### Task statement
Reproduce the lines below exactly. Skip images.

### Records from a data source
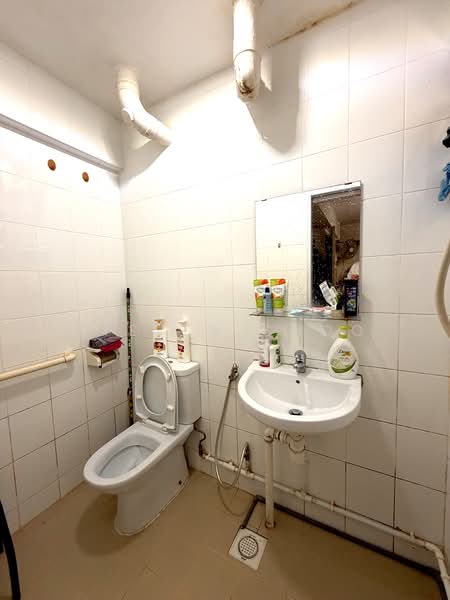 141 Yishun Ring Road, 141 Yishun Ring Road, 3 Bedrooms, 764 sqft, HDB Flat For Rent, by Steven Choo, 500133450 - Bathroom - PropertyGuru.com.sg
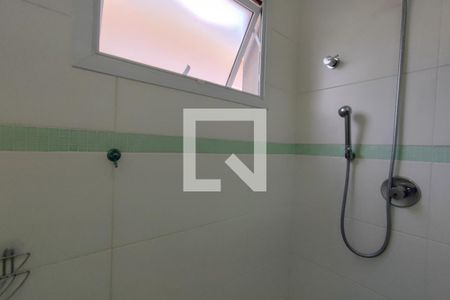 Casa de condomínio para alugar com 237m², 4 quartos e 4 vagasBanheiro Suíte 2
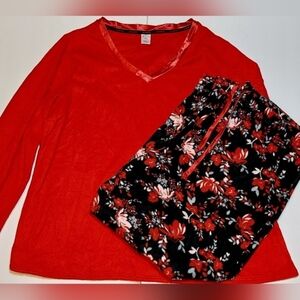 Black and Red‎ Liz Claiborne Womens Fuzzy XXL Floral Pajama Set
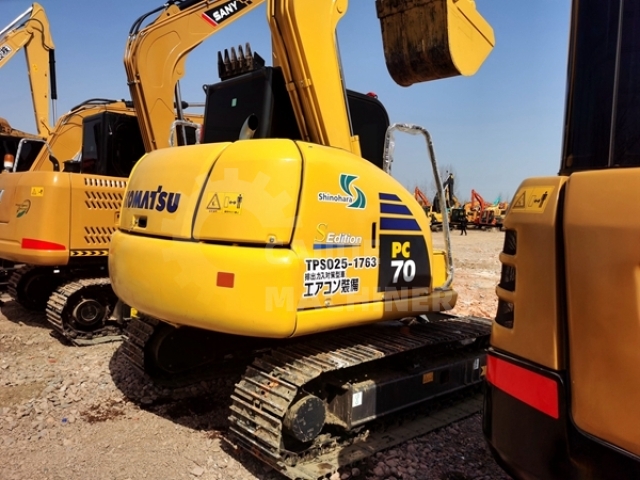 Used Komatsu PC70-8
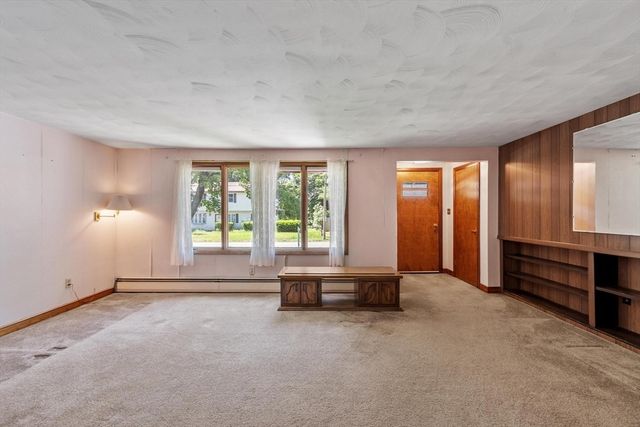 5 Fairmeadow Rd, Wilmington, MA 01887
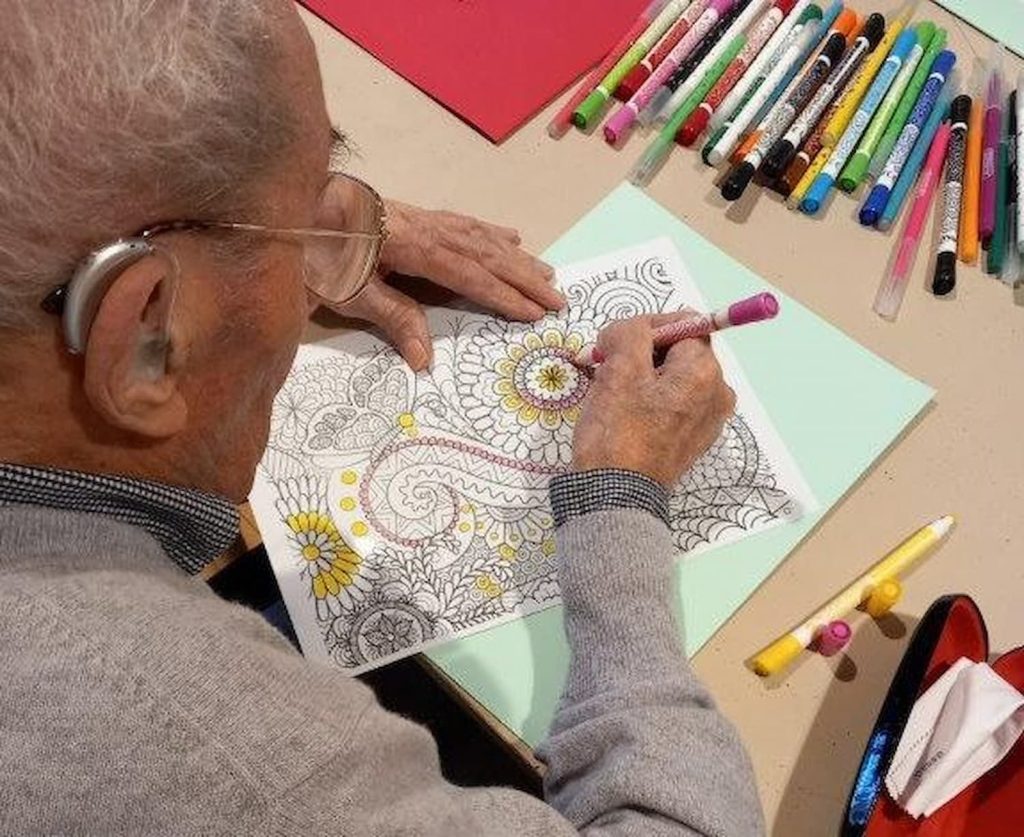 Personnes âgées entrain de colorier un mandala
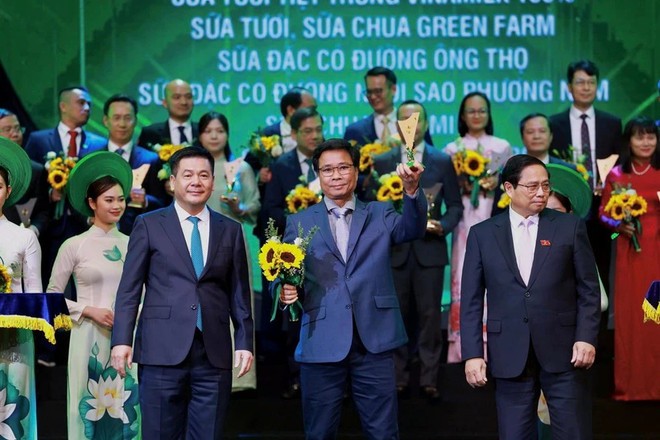 Vinamilk - tiếp tục được vinh danh Thương hiệu quốc gia Việt Nam 2024. Vinamilk - tiếp tục được vinh danh Thương hiệu quốc gia Việt Nam 2024.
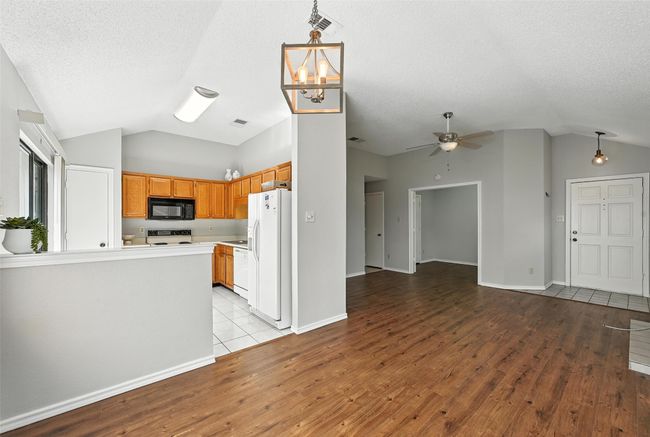 1450 Hampton Rd, House other with 3 bedrooms, 2 bathrooms and null parking in Grapevine TX | Image 7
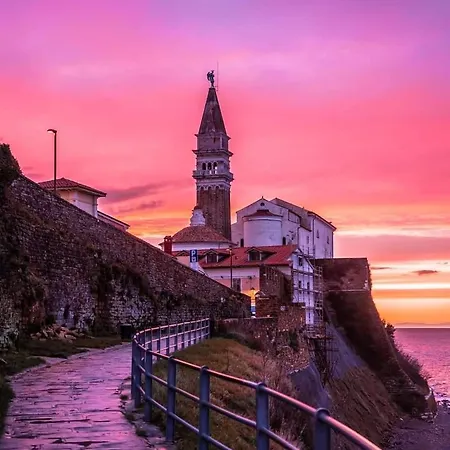 Freedom House * Piran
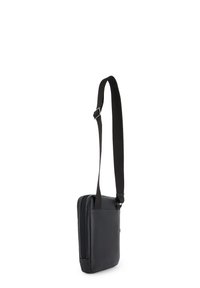 Schwarze Leder-Umhängetasche in flacher, rechteckiger Form, mit verstellbarem Stoffgurt, zwei Reißverschlussfächern und einer glatten Oberfläche.
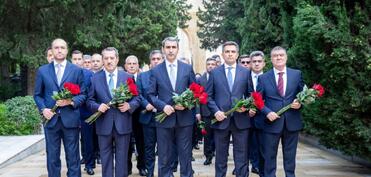 ADY kollektivi Fəxri xiyabanı ziyarət edib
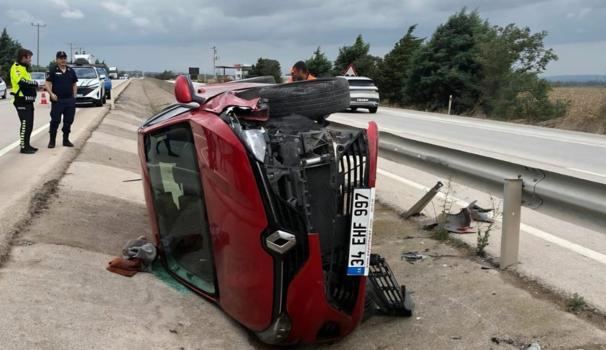 Bursa'da otomobil yol kenarındaki kanala düştü : 1 yaralı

### Answer area
 141 Yishun Ring Road, 141 Yishun Ring Road, 3 Bedrooms, 764 sqft, HDB Flat For Rent, by Steven Choo, 500133450 - Bathroom - PropertyGuru.com.sg
 Casa de condomínio para alugar com 237m², 4 quartos e 4 vagasBanheiro Suíte 2
 Black and Red‎ Liz Claiborne Womens Fuzzy XXL Floral Pajama Set
 Used Komatsu PC70-8
 5 Fairmeadow Rd, Wilmington, MA 01887
 Personnes âgées entrain de colorier un mandala
 Vinamilk - tiếp tục được vinh danh Thương hiệu quốc gia Việt Nam 2024. Vinamilk - tiếp tục được vinh danh Thương hiệu quốc gia Việt Nam 2024.
 1450 Hampton Rd, House other with 3 bedrooms, 2 bathrooms and null parking in Grapevine TX | Image 7
 Freedom House * Piran
 Schwarze Leder-Umhängetasche in flacher, rechteckiger Form, mit verstellbarem Stoffgurt, zwei Reißverschlussfächern und einer glatten Oberfläche.
 ADY kollektivi Fəxri xiyabanı ziyarət edib
 Bursa'da otomobil yol kenarındaki kanala düştü : 1 yaralı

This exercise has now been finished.